*Directions for this task*:
Here is a listing, set out below; repeat its lines from the one with "To Expulsion from the Garden of Eden II" to the last, both included, and leave out the pictures.

*Available data*:
____

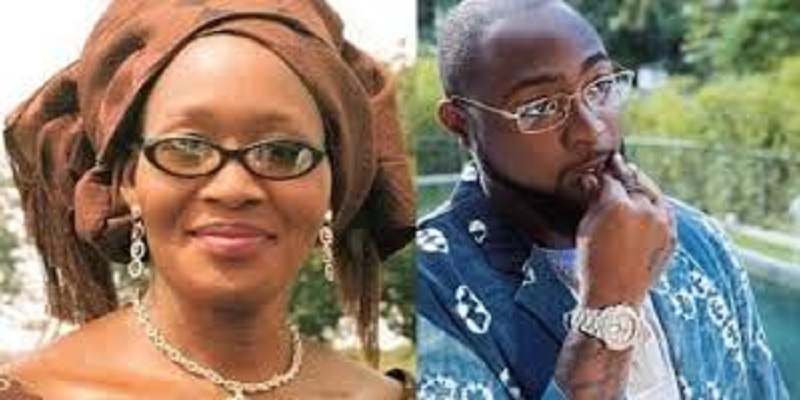 Davido : une journaliste l’accuse d’avoir tué 3 de ses amis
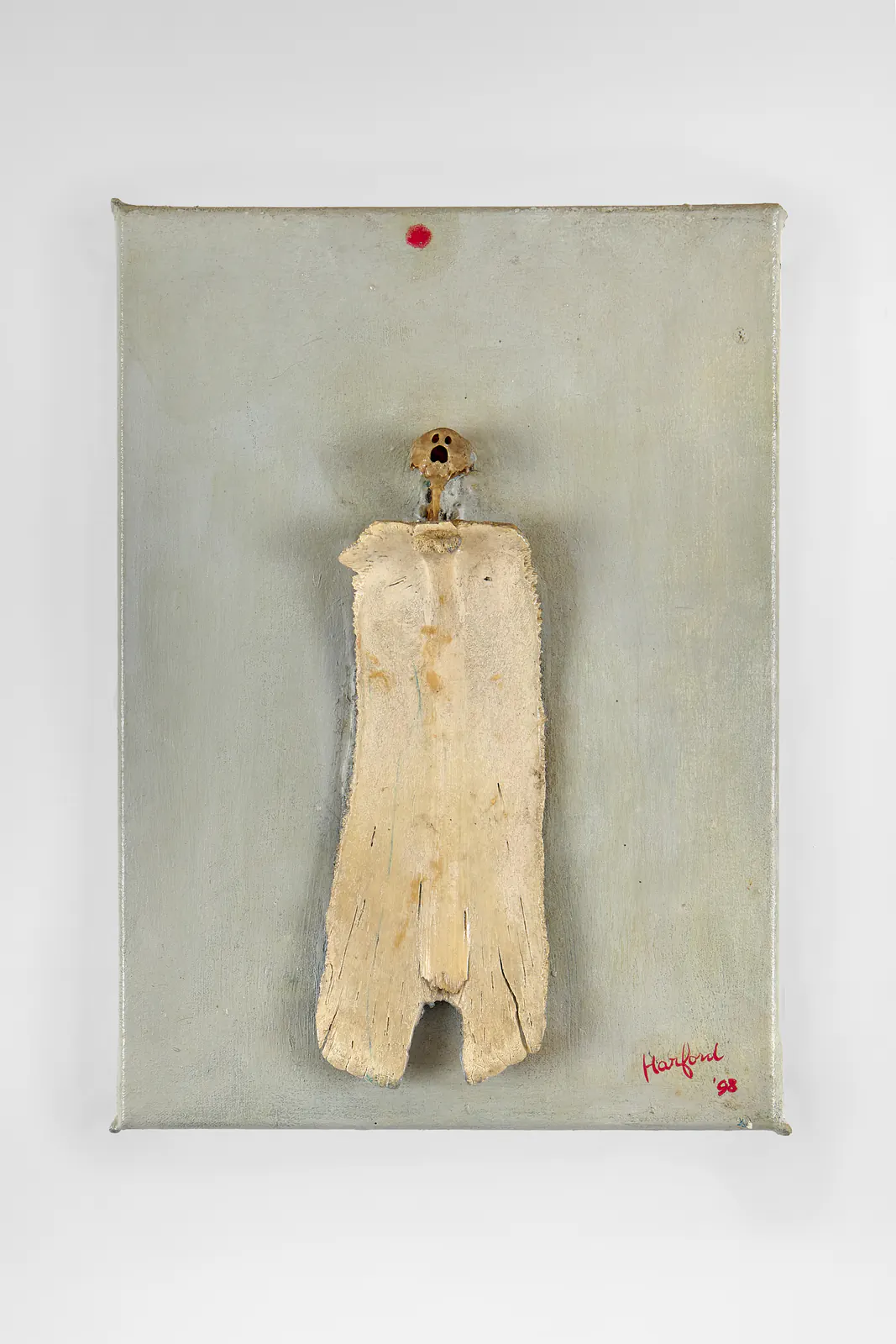 To Expulsion from the Garden of Eden II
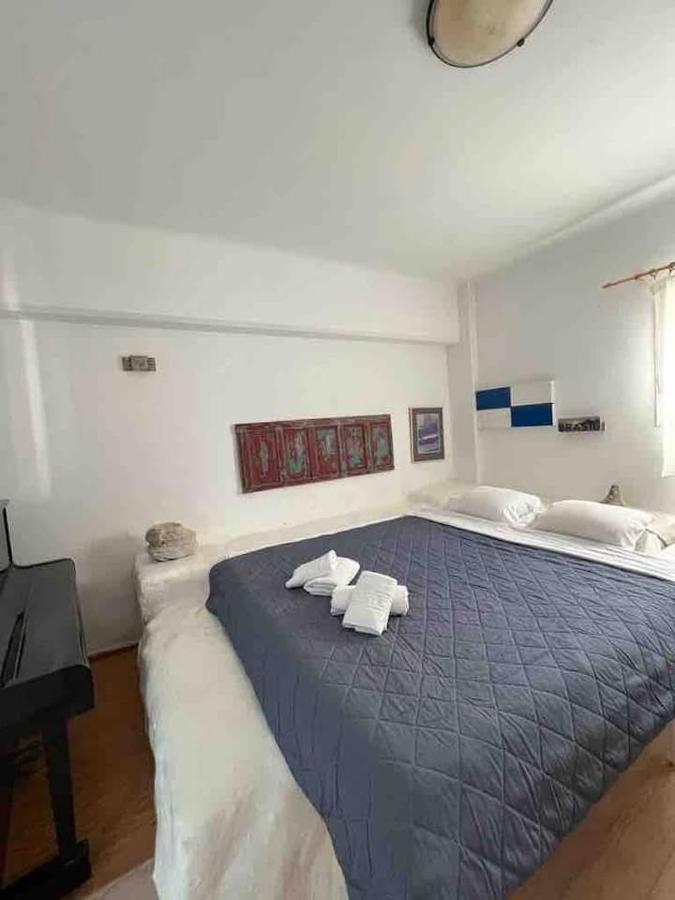 Mykonos Maison De George Mykonos Town Exterior foto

____

*Answer for this exercise*:
 To Expulsion from the Garden of Eden II
 Mykonos Maison De George Mykonos Town Exterior foto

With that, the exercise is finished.